GOAL OF THE EXERCISE
Start at the top of the records and, please, print each line exactly through the line that contains "SUMMERS GROVE - Residential", leaving out all pictures.
-- RECORDS TO PROCESS follows --
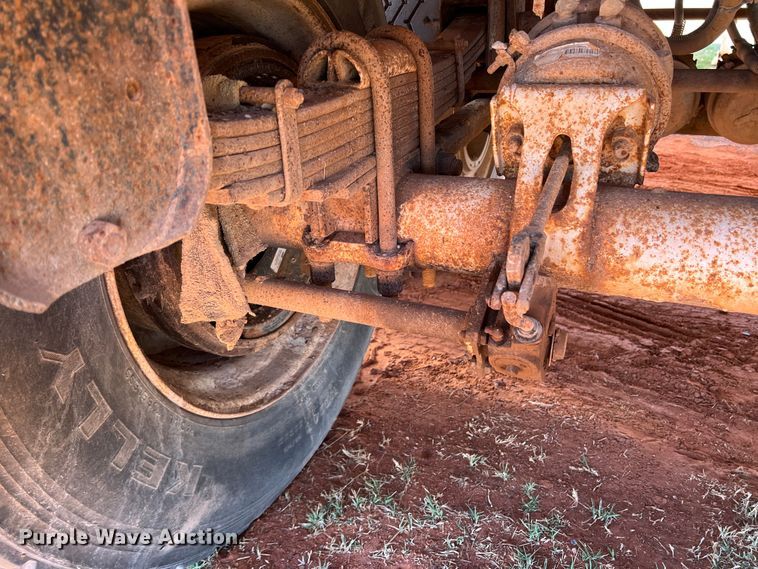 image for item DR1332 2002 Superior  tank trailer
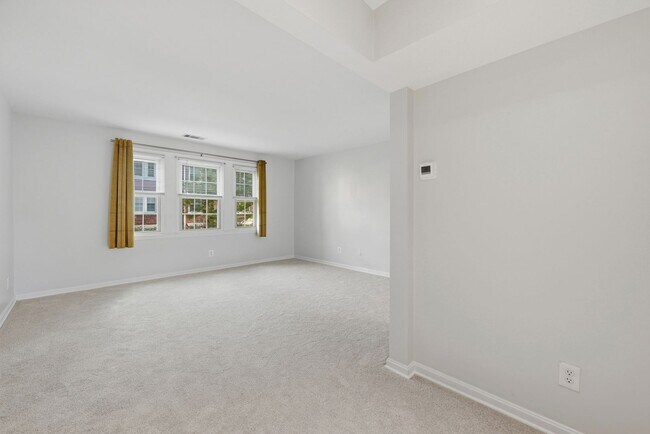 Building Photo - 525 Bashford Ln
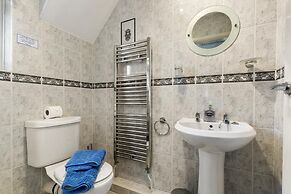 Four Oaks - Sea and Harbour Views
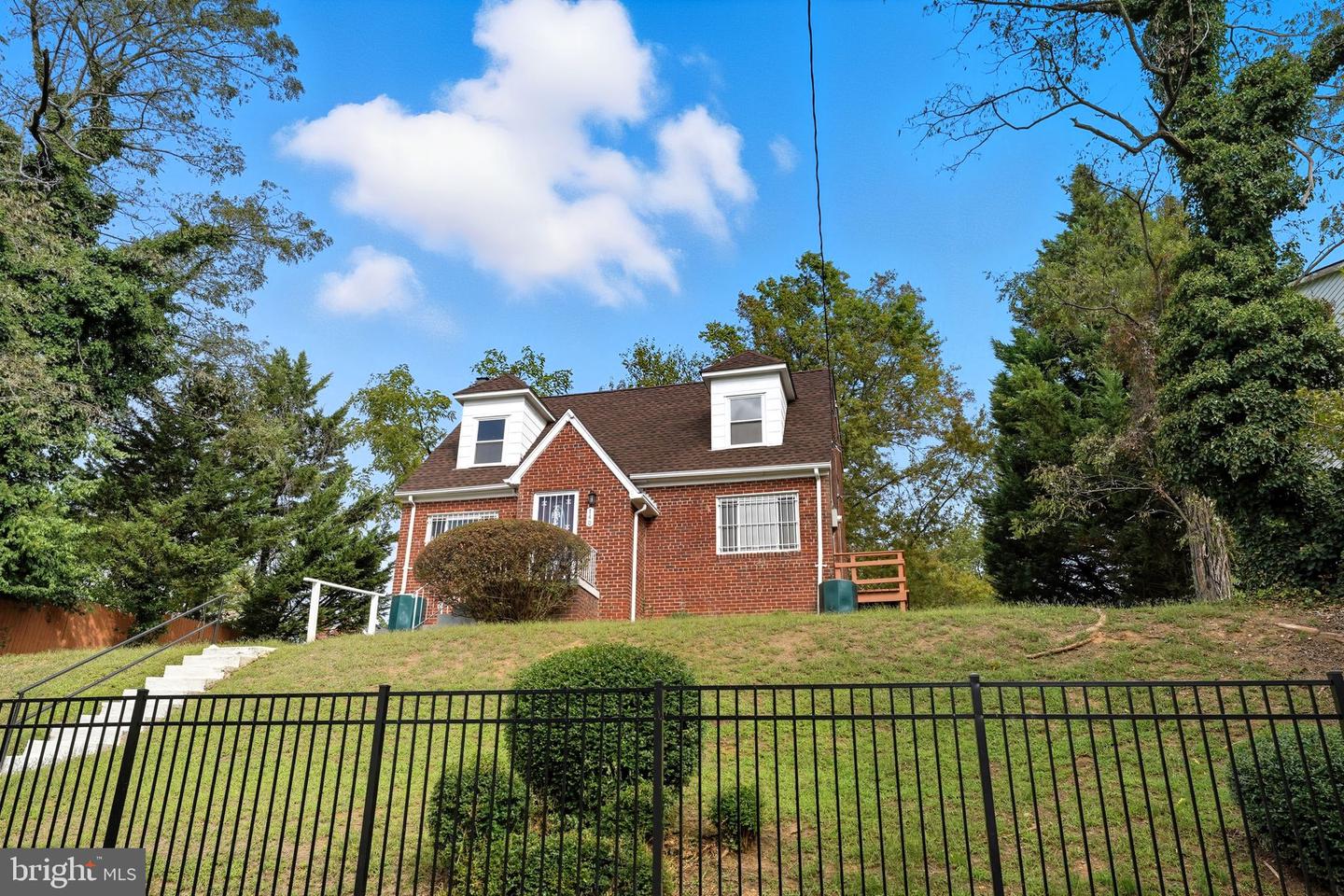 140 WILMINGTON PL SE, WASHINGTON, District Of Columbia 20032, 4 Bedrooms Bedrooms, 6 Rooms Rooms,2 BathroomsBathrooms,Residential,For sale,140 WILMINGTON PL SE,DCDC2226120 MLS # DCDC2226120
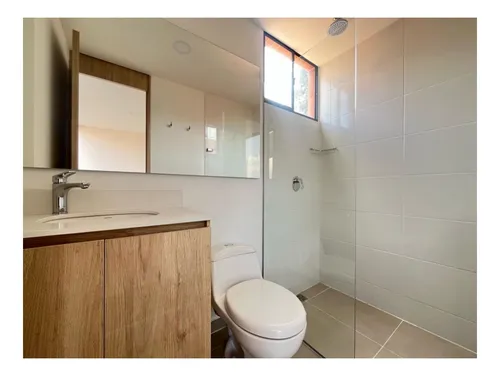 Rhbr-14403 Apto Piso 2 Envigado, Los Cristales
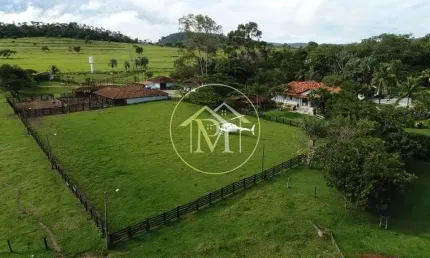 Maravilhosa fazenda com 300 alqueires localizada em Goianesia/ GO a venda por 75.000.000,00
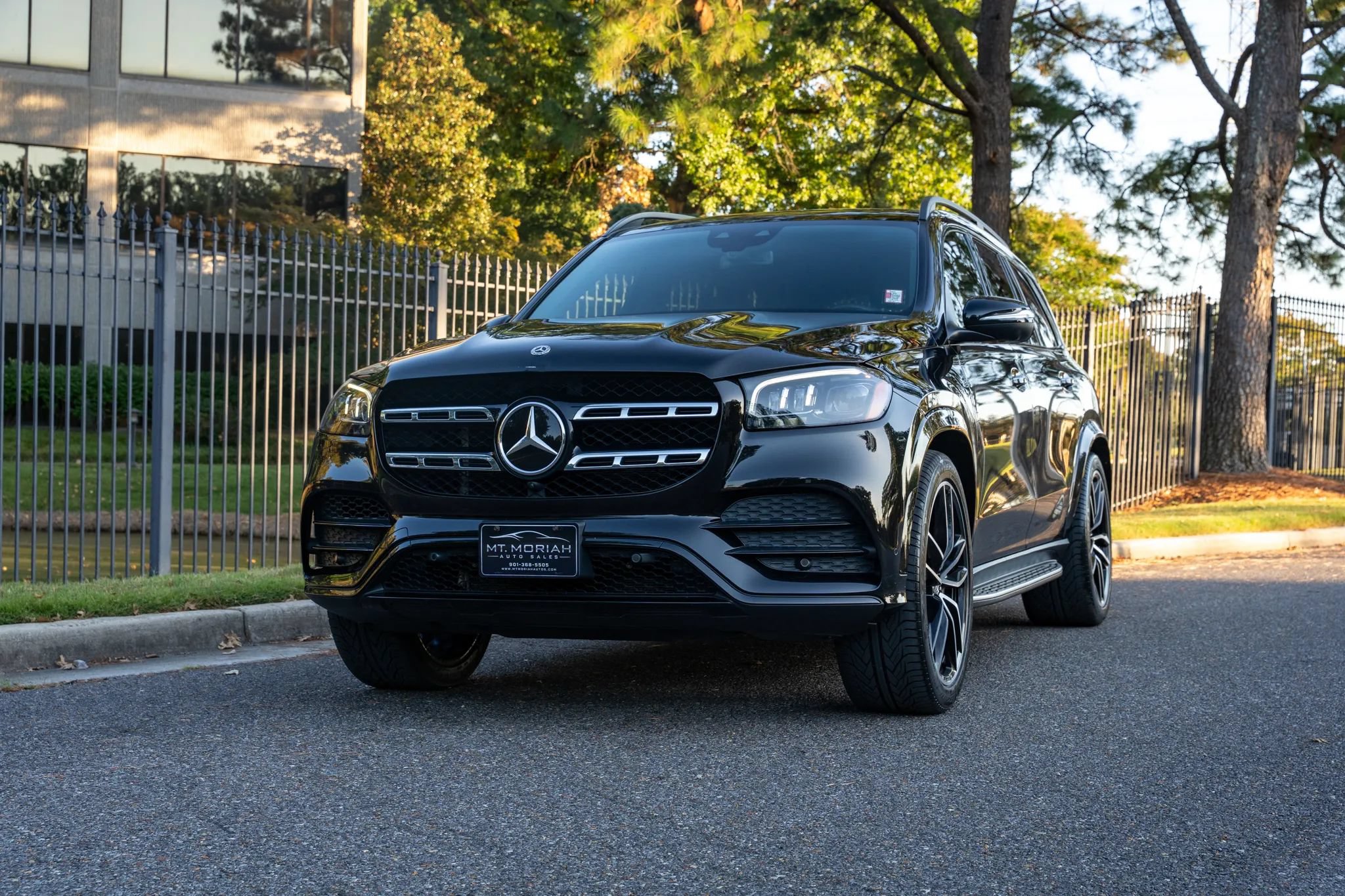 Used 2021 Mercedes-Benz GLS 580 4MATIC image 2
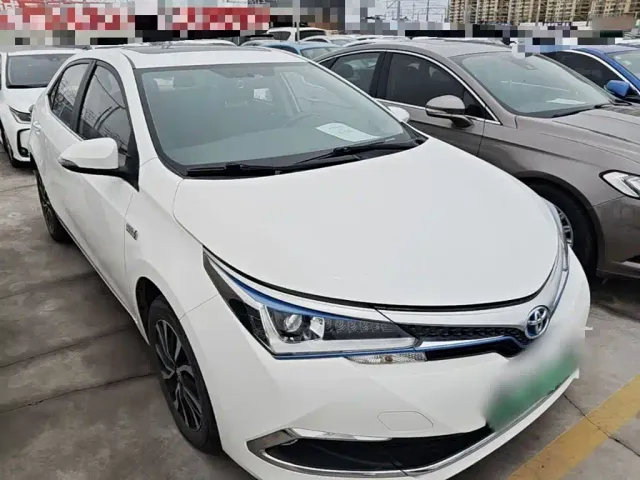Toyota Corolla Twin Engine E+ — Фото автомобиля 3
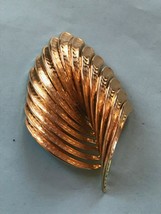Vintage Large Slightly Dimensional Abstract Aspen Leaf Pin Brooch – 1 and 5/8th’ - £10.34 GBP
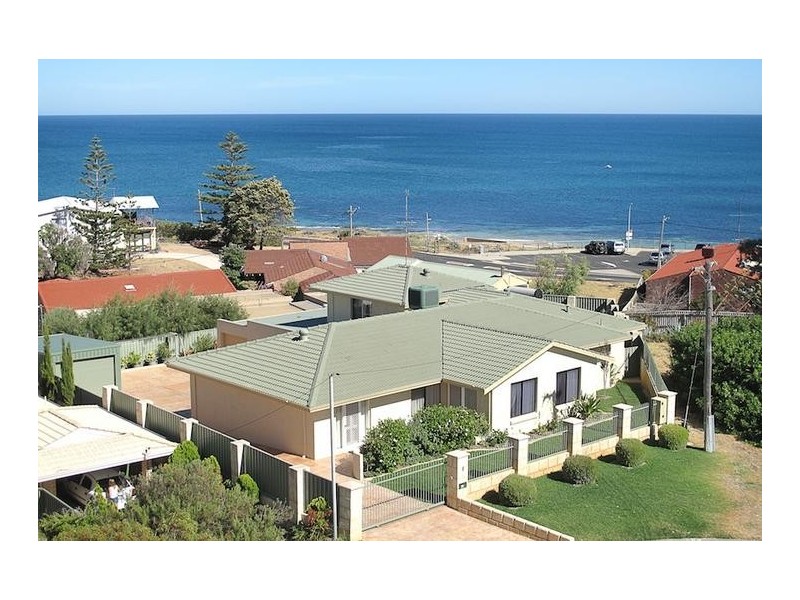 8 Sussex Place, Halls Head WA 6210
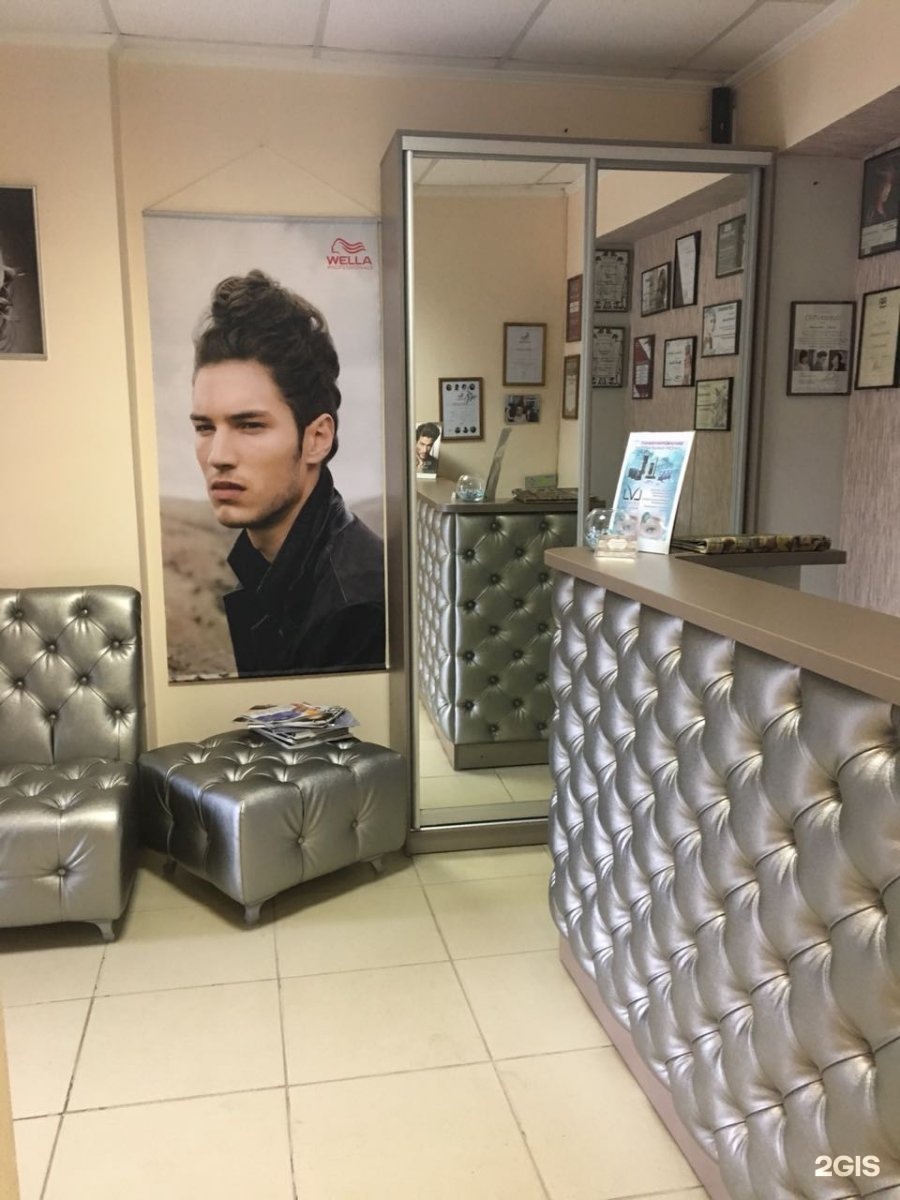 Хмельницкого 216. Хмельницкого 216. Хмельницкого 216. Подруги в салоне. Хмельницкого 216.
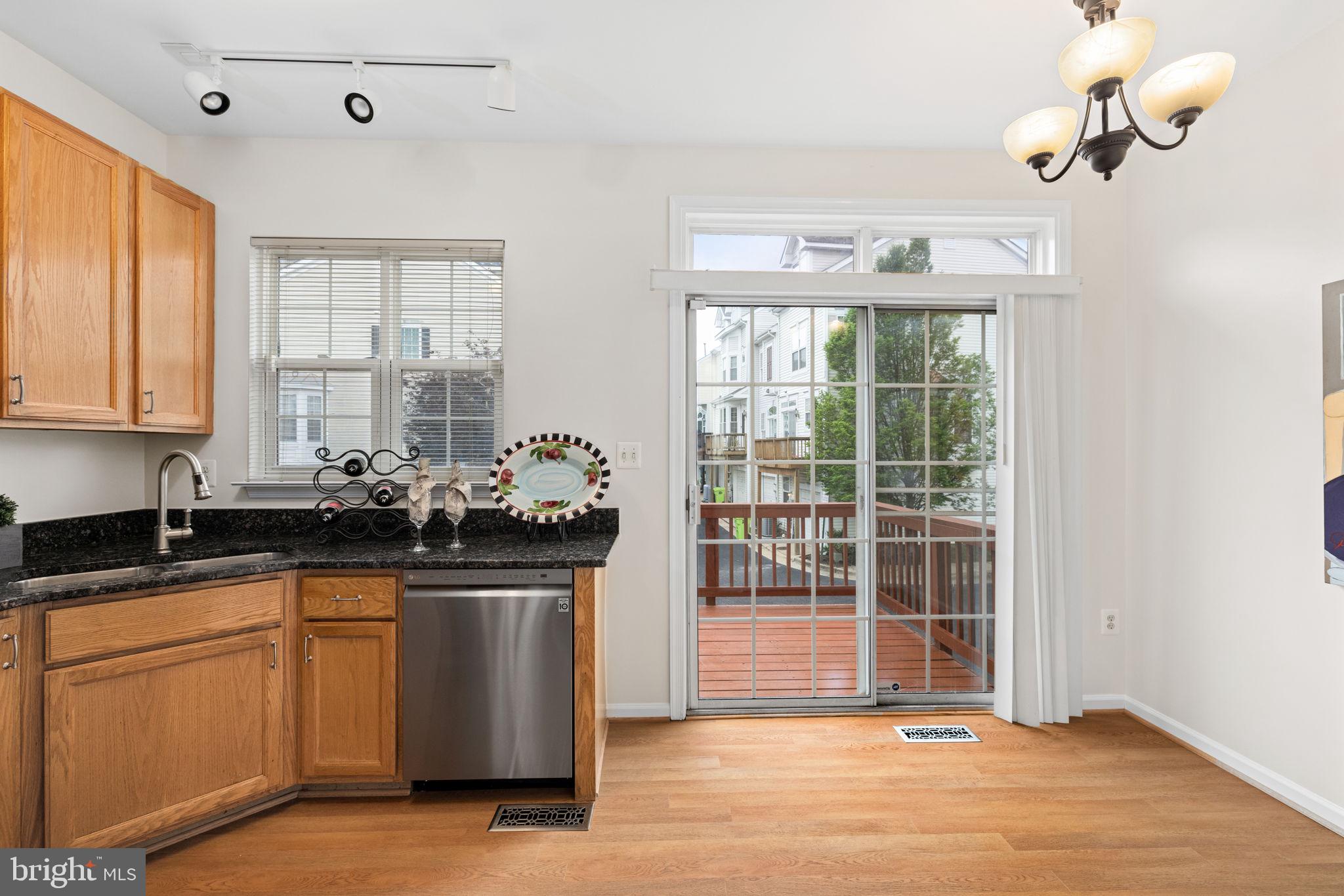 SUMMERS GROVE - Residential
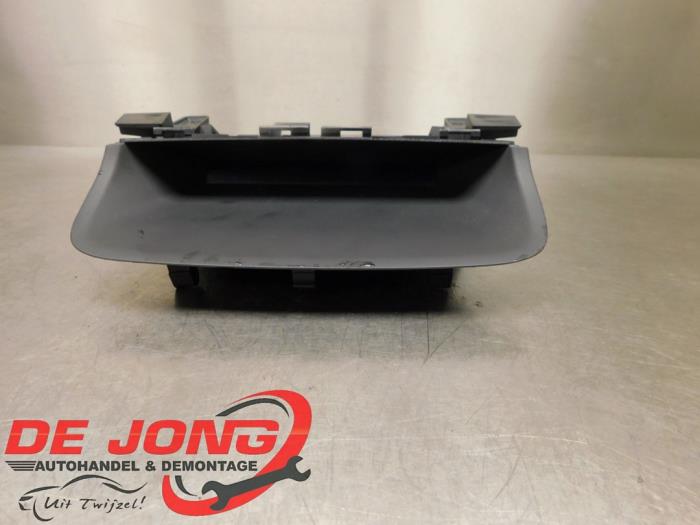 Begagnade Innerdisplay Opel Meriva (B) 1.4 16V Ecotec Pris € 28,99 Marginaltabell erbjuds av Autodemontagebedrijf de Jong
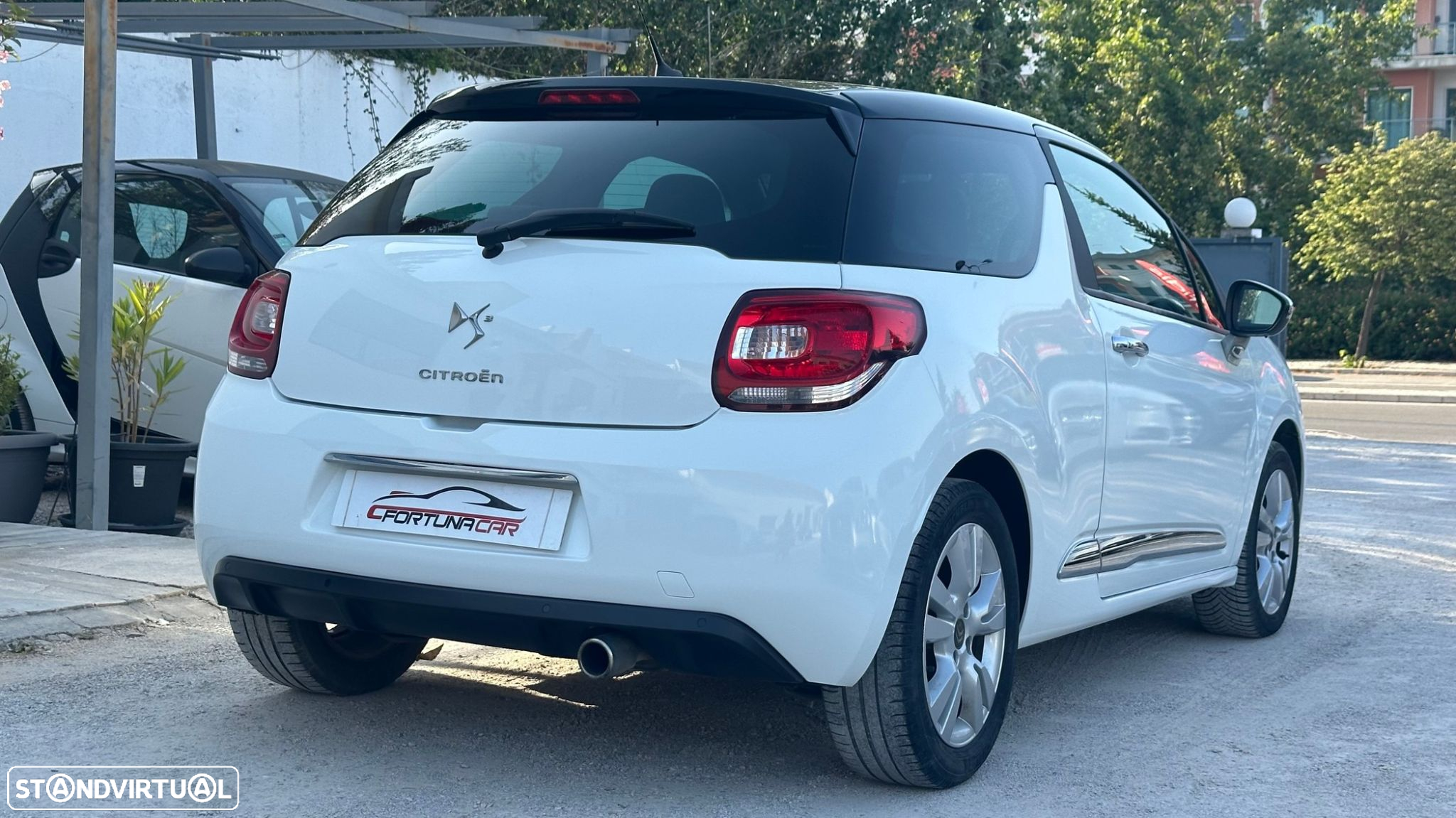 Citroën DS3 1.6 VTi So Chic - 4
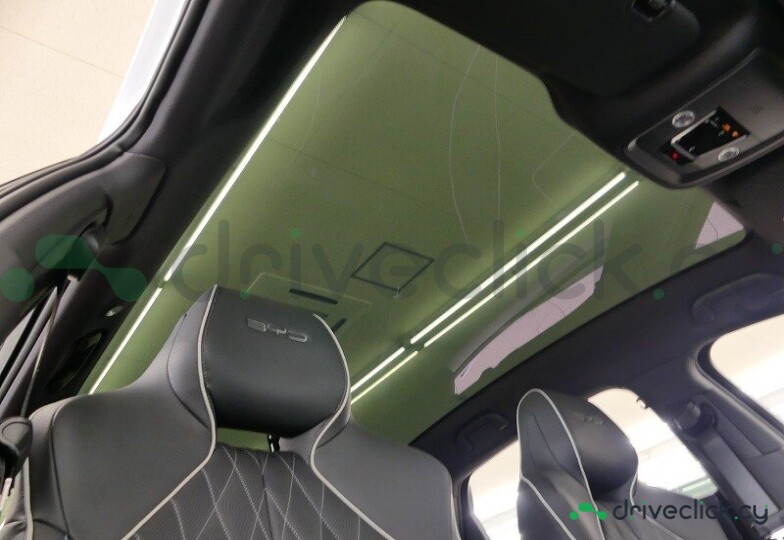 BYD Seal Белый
-- RECORDS TO PROCESS concluded --
EXERCISE ANSWER
 image for item DR1332 2002 Superior  tank trailer
 Building Photo - 525 Bashford Ln
 Four Oaks - Sea and Harbour Views
 140 WILMINGTON PL SE, WASHINGTON, District Of Columbia 20032, 4 Bedrooms Bedrooms, 6 Rooms Rooms,2 BathroomsBathrooms,Residential,For sale,140 WILMINGTON PL SE,DCDC2226120 MLS # DCDC2226120
 Rhbr-14403 Apto Piso 2 Envigado, Los Cristales
 Maravilhosa fazenda com 300 alqueires localizada em Goianesia/ GO a venda por 75.000.000,00
 Used 2021 Mercedes-Benz GLS 580 4MATIC image 2
Toyota Corolla Twin Engine E+ — Фото автомобиля 3
Vintage Large Slightly Dimensional Abstract Aspen Leaf Pin Brooch – 1 and 5/8th’ - £10.34 GBP
 8 Sussex Place, Halls Head WA 6210
 Хмельницкого 216. Хмельницкого 216. Хмельницкого 216. Подруги в салоне. Хмельницкого 216.
 SUMMERS GROVE - Residential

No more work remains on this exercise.